What's inside its 104 pages:

Four dungeons. The Vat Complex (with its menacing sealed off-west wing, body-horrific industrial process and pocket dimensions), the flying god-prison Monument Five, the meth-fruit Plantation House and Colonel Zogg's Pagoda Bunker.

Full “extra-planar” pointcrawl. The wilderness crawl spreads over one main isle and two smaller islets subdivided by massive, movable grubs.

An “Anti-Chaos Index.” Through their actions the players shape the very reality of the Isles. Sometimes for the better, sometimes for the worst, but always for the weird.

A slew of new otherwordly monsters.

A large collection of bizarre technological Eldish artifacts and treasure.
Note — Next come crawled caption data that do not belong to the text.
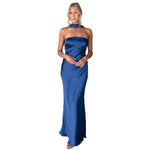 Model wears sleeveless blue hanging neck midi dress with elegant flow and high-fashion appeal
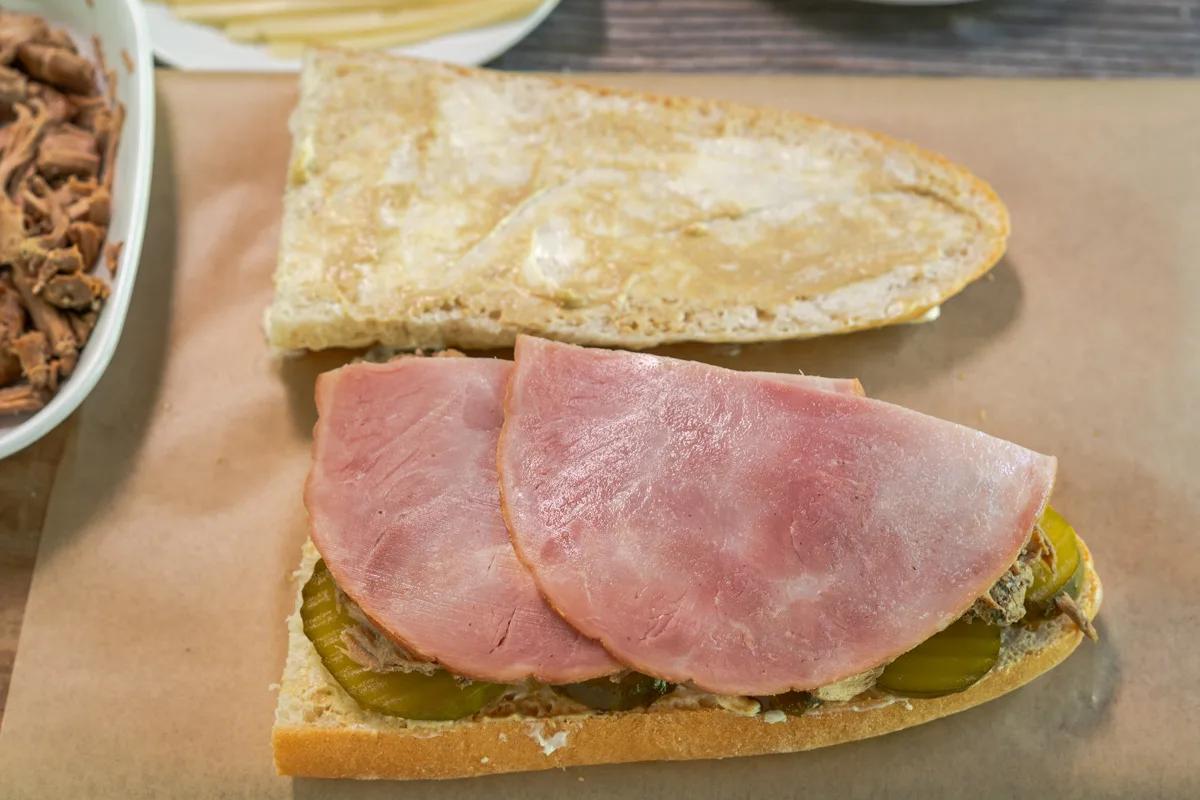 Deli ham slices on top of shredded pork to make a Cuban Sandwich - Hostess At Heart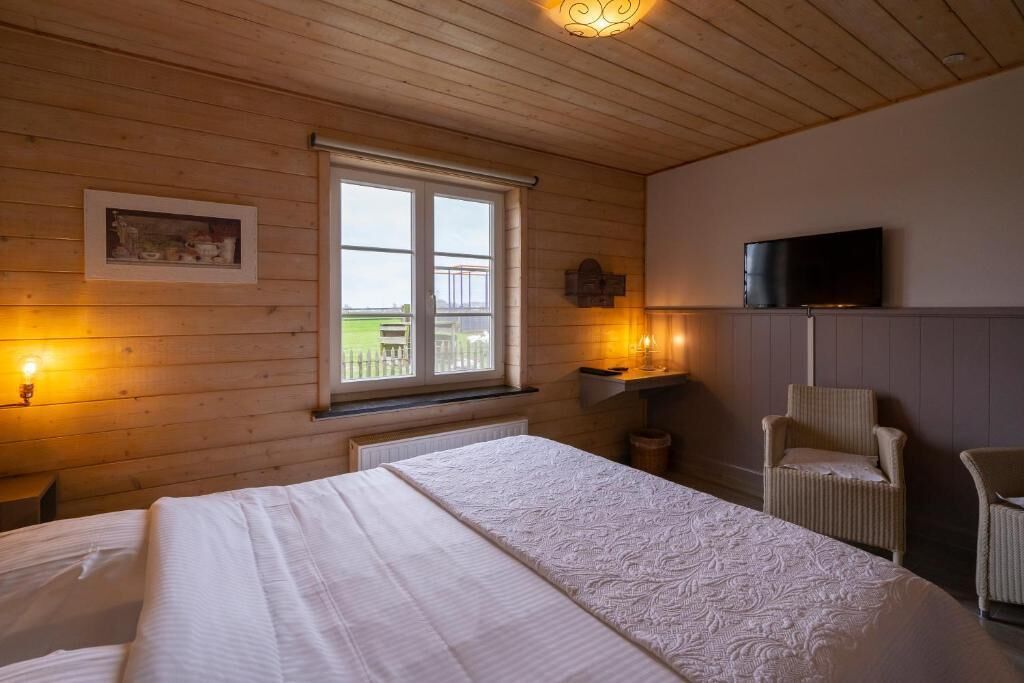 A bedroom with a large bed, wooden walls, a window with a view, a television, and a chair.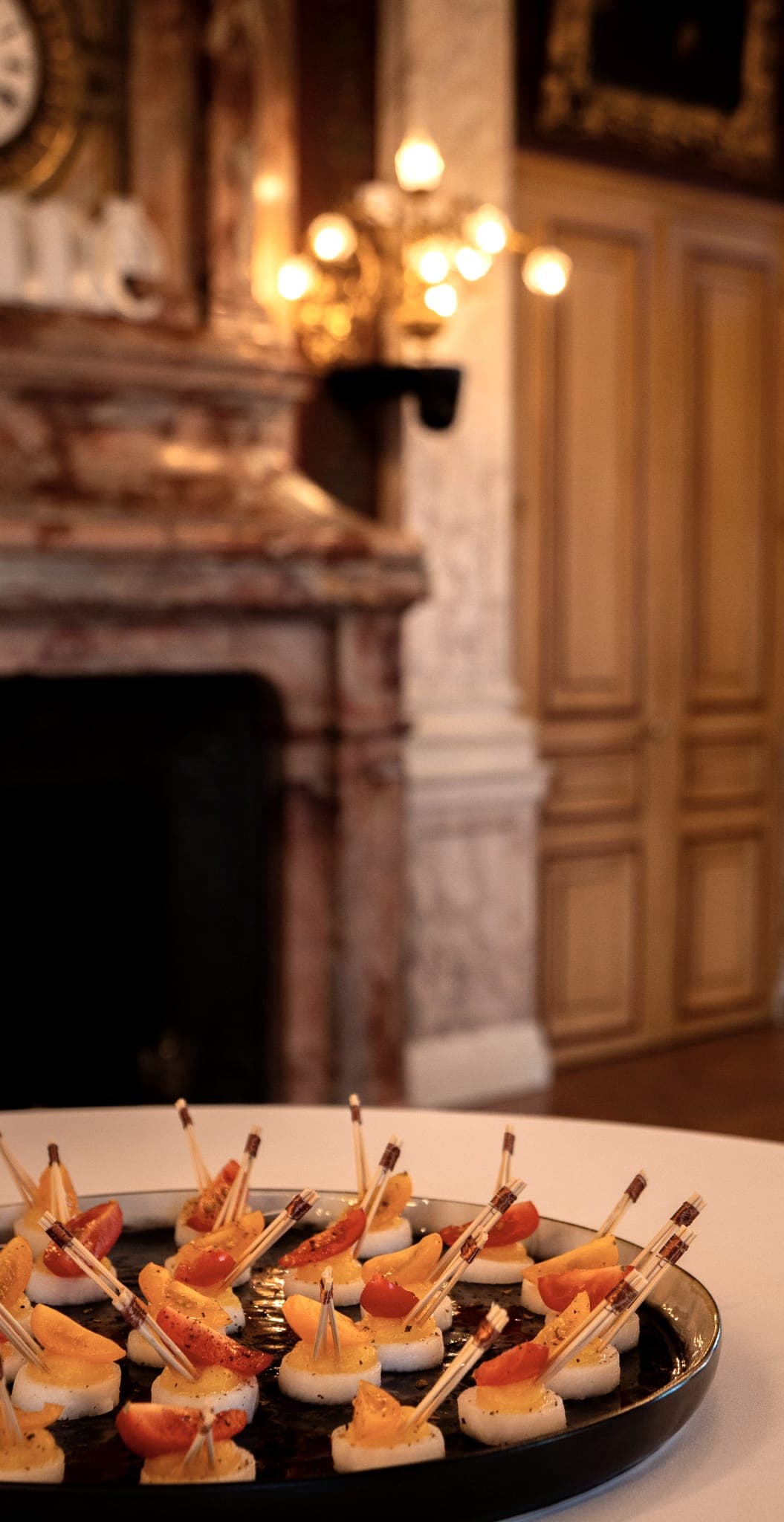 Plateau de pièces posé devant une cheminée de marbre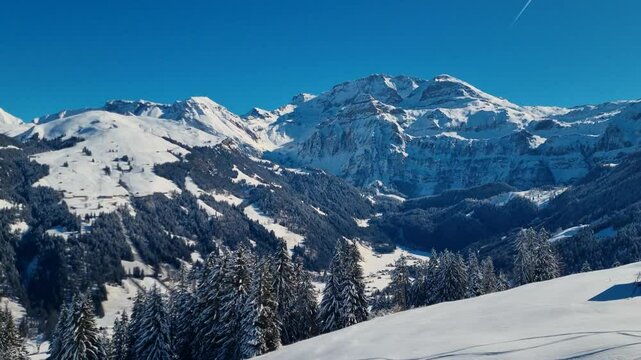 A stunning shot of the enchanting alpine winter landscape, highlighting the majestic Mount Wildstrubel in the Bernese Alps, Switzerland, with snow-capped peaks and a breathtaking view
Includes a random generator for miscellaneous artifacts picked up.

A new psionicist player class, the Psychonaut, with a soft scifi twist. Including its own powers and mutations.

"The Misty Isles of the Eld ... is a hundred and four page acid trip ... if Frank Baum and William Burroughs had gotten together [for] a weekend of drink and drugs."

-- Needles, Swords & Stitchery

"The party will be dealing with a coordinated and professional opposition, and the book does a good job making the encounters and NPCs interesting while not forgetting that. There's a great deal of time spent laying out for referees the various resources the Eld (evil space elves from hell, with Melniboinean flourishes) have at hand and how they use them."